In the past couple of years, national security has been on everyone's mind; laws have been passed, rules have been enacted, and generally life has been made more miserable so that we as a country can feel more secure. Some of the initiatives that we have seen are very visible; airport security, security at federal buildings, and legislation such as the Patriot Act have been widely discussed, and their relative merits are subject to some debate. There has also been much behind-the-scenes work, such as the Container Security Initiative (CSI), which is designed to protect the transportation of the ubiquitous and increasingly important 40-foot containers that bring us much of what we buy. All discussion of the merits of these security precautions aside, we can still say that people are actively working to keep our critical infrastructure safe from attack. But we have been ignoring an important point in the process of securing our national infrastructure, and that overlooked point presented itself to us recently. The recent massive power outage in the northeast provided us an important lesson: decreasing margins of safety and error in our infrastructure place critical societal functions at greater risk of significant disruptions from rare occurrences -- accidental, malicious, or otherwise unforeseen.
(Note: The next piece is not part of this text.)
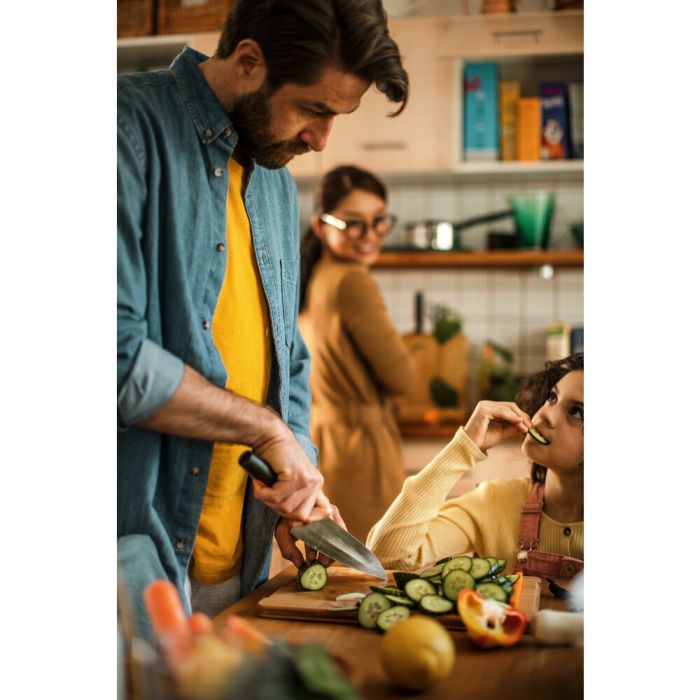 Кухонний ніж кухарський Fiskars Functional Form, великий, 19.9см, нержавіюча сталь, пластик, чорний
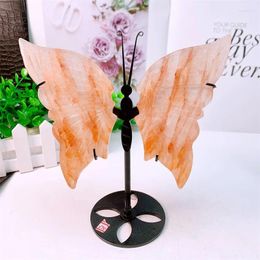 Decorative Figurines Natural Red Fire Quartz Heamatoid Butterfly Wings Carving Gemstone Crafts For Children Birthday Present Decorations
This is nothing new; it has been going on for decades now, as a series of decisions by policy makers placed the administration of our national infrastructure in the hands of profit-seeking organizations. This is not necessarily bad, but redefining acceptable levels of risk and protections as the world changes is hard work, and needs to be done carefully.
Cost pressures and tight engineering under benign assumptions over the last few decades have lead to thin margins of error in our current infrastructure. This is to say that certain major failures are assumed to be so unlikely that they are discounted during the design process. This way of thinking creates systems that tend to be less expensive, and are optimized to fit the relatively optimistic world and set of basic assumptions. But while optimized engineering leads to most events being of small consequence (because the systems are engineered to tolerate them), some rare events that might otherwise have been relatively benign (or at least tolerable) can now lead to massive disruption. As the margins of safety designed into the large, complex, and poorly understood systems that make up our critical infrastructure (such as the national power grid) are whittled away in the name of cost-effectiveness, the likelihood of massive, uncontrolled failures increases. But while it seems like this might be just asking for trouble, it is seen as "bad engineering" to overdesign a system to tolerate very rare events, or events whose specific causes are not well understood, if that tolerance is perceived to cost more than the failures it would prevent (in terms of expected value to the customer), or if the likelihood of the failure seems very remote -- fragility to extremely rare events is seen as a good business decision. This is why rare disruptions (like power outages) come as little surprise to insiders of highly optimized or complex infrastructures. Building excess capacity and redundancy into a system such as the electric power grid is essential to safety and reliability, but it has no market incentive -- safety doesn't sell.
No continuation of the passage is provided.